So, one thing I like about this framework is that you know, you're also including the testing phase. Yeah. The framework, right? So, and then looking at the results, making sure that the you know, everything works well. And can you speak on the compliance aspects also, John?
Like I know you >> Yes.
Um I want to highlight that good point that you brought up. So, under the prompt folder, you can see something called data onboarding agent, DevOps agent, all these agents here. And if you look at this compliance, right?
Regulations, these are the prompts for CCPA.
So, I want to highlight that these are the prompts that I use for CCPA requirements. I also provide some of these tags and all these examples here.
And some of the common PII types. And if you look for GDPR, it's a very something very similar to CCPA, but I will bring up HIPAA. HIPAA is more regulated. It has more KMS keys and all those information. All the prompts are stored here.
And also quick checks on commands also at the same time. So, it's much easier, like less tokens used. If I just say check, it'll have to figure out the scripts and everything. So, the token usage goes up. But if you are very specific with these skills and everything, it is much easier and much faster. Like this, you can have SOX compliance, SOX compliance too. For financial firms, they love to onboard data using SOX compliance. They make sure data sensitivity PII type classifications. And I've seen lot of customers coming back as a afterthought. Like, "Oh, now I have lot of data in there. I'm not sure how to classify data." So, this is something solved with this agent as a built-in discipline. I want to say built-in discipline and more focused cloud code of heroes with the right skill sets and prompts so that they can onboard the data in a structured manner compared to No, John, what what if somebody wants to get started with like sample data, right? So, do we have any data set that they could get started with?
Yeah, so I put couple of these data sets here, sample data here, like couple of these things. And they can onboard these data sets and see how it works.
This can be uploaded to an S3 and start playing with these data sets. And I've also already provided couple of these workload workloads here, scripts. You can see how these folders are structured. So, similarly, when you onboard a new data set, uh make sure that it follows some of these structures. And you can see some of these scripts. And on top of that, um we have uh like all the uh I'm going to say Yeah, I want to introduce quickly to that tools.md file. So, this is uh this is where people can log in clone this repository and start making changes. Like I mentioned in a structured manner for S3 tables, use this Iceberg format. Or uh like a core lambda, I want to use serverless compute for step function as an alternate if the Airflow is not available. So, you can literally mention some of these concepts into these prompts so that people can start tweaking based on their organizational philosophy, which means I don't use lambda, I use EC2 instead.
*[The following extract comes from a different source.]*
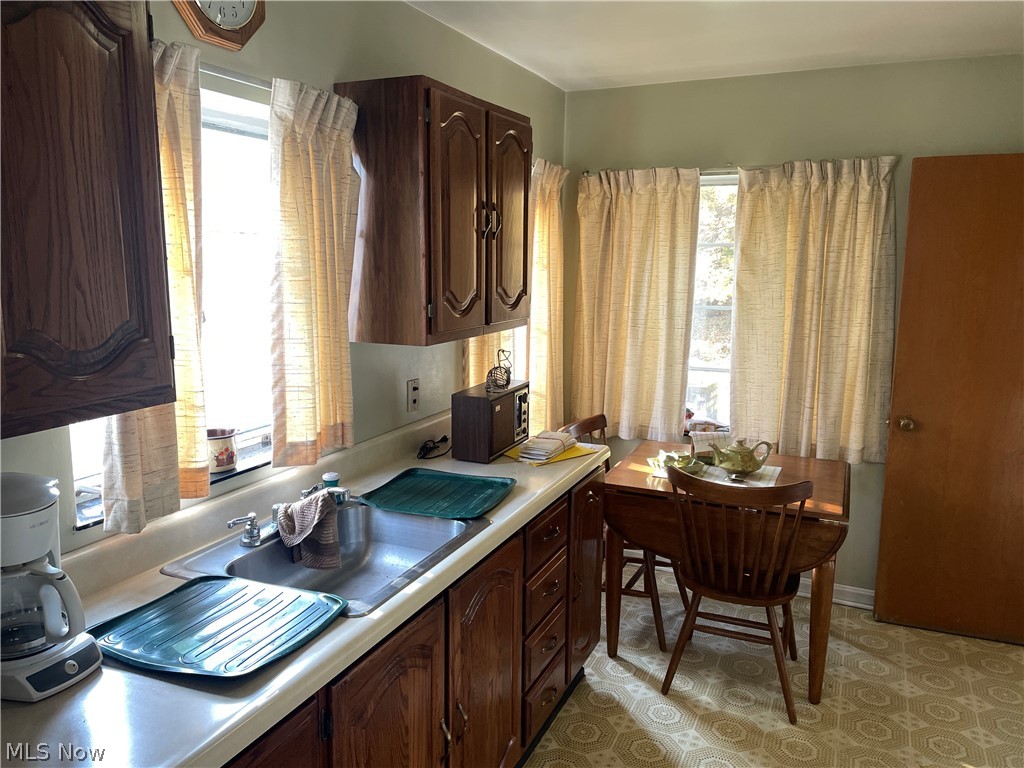 1292 Salt Springs Road Niles OH 44440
Okay, you can instead of lambda put EC2.
And when EC2 is not available, that's when they should be using lambda. So, some of these things I want to say clone this repository, play with this tools.md file, and then you will understand how to cater this prompt into your organization philosophy. And definitely, the cloud.md is the main file. Uh please go through it. Uh you will you will be able to understand how to how this whole uh sub agent works, uh orchestrator agent works, make some start making some changes. Here is where I'm mentioning, "Hey, refer tools.md for any kind of tooling, right?" So, some of these concepts uh start playing with it, tweak it, and you'll be able to understand how the whole system works. And the best part is I've seen customers extended this A dot framework to migrate from uh let's say third-party database into AWS. Complete automated fashion without a partner requirement. So, some of these uh uh some of these customers are extending Adop into different scenarios.
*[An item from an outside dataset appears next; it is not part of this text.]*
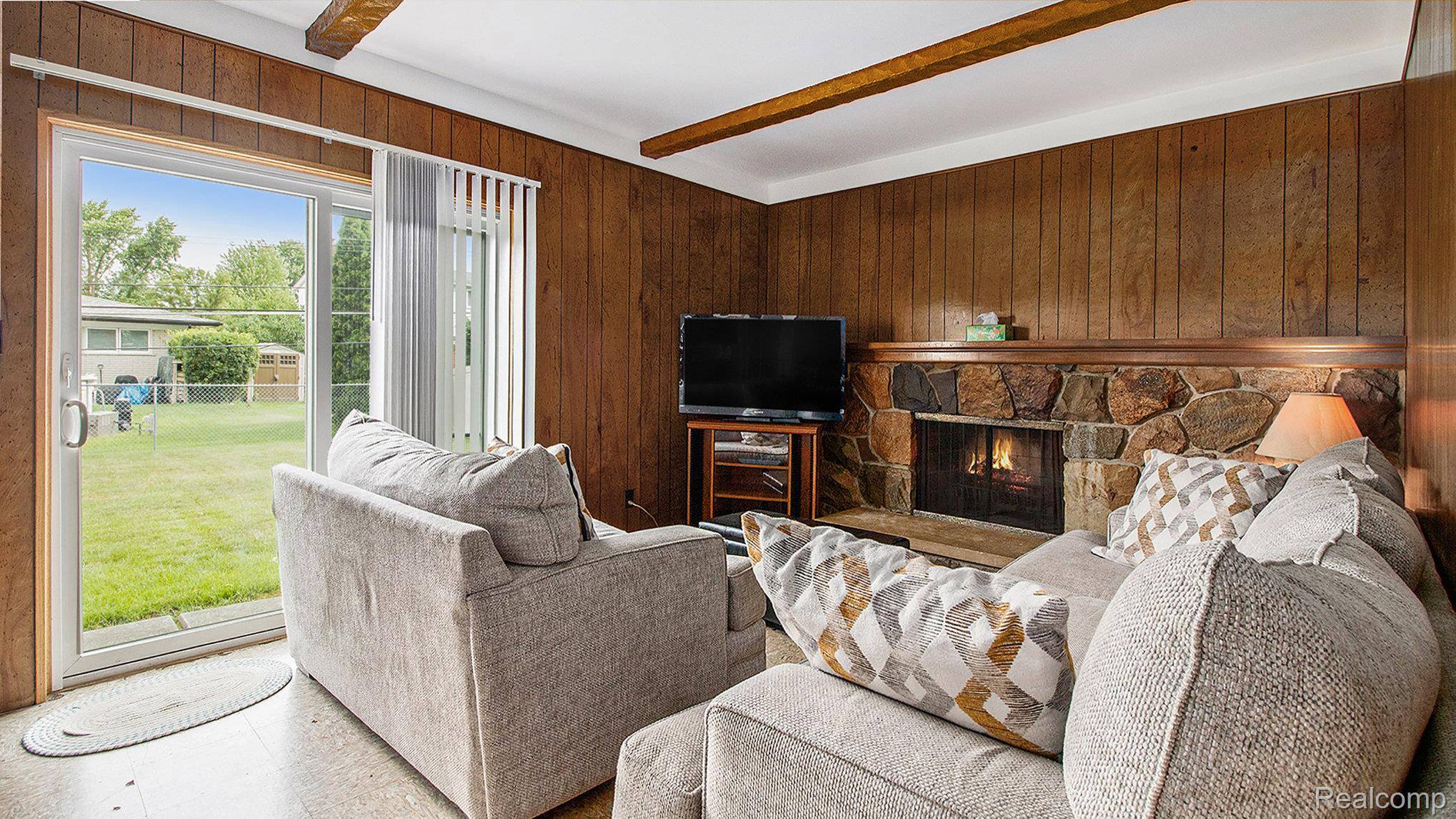 Sterling Heights, MI 48312,11447 Canterbury DR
So, bringing third-party data into AWS without tools. Yeah, without tools. And some of them are like, let's say, completely on Redshift and they want to save on cost on storage and compute.
They move some of those data onto Iceberg in a combination of Redshift.
So, there are like different you'll be surprised how these customers are improvising Adop and extending Adop in order to handle multi multiple scenarios within their ecosystem.
Yeah.
This is a cool demo, right? So.
>> Yeah.
We're coming up with a workshop for customers soon and every customers can join us and we can do a workshop together.
We have different ways to collaborate with customer and cater it to their needs. Right now, I kept this repository as generic as possible, but eventually they can make modifications and tweak it, play with it, and then and like I said, it's forgiving and it can it is self-explanatory. If you ask Claude or Kiro, it'll explain what's going on and how to make changes.
So, feel free clone this repository today. And Anil, were you able to share the link?
The link is in the chat. Perfect. Yeah, you can clone the repository right away, play with it, and let us know some feedback.
Awesome. John, thanks so much for coming on today and sharing this with the team.
Like, I'm really excited that we were able to have kind of like a longer form discussion about this today and and go through both the kind of like why behind it as well as see it in action. So, thanks a lot for taking the time.
Um, and folks who tuned in, we do this every week. So, if you'd like to to To more and see more AI from Amazon, come back to the same time, same place next Tuesday and we'll be here once again.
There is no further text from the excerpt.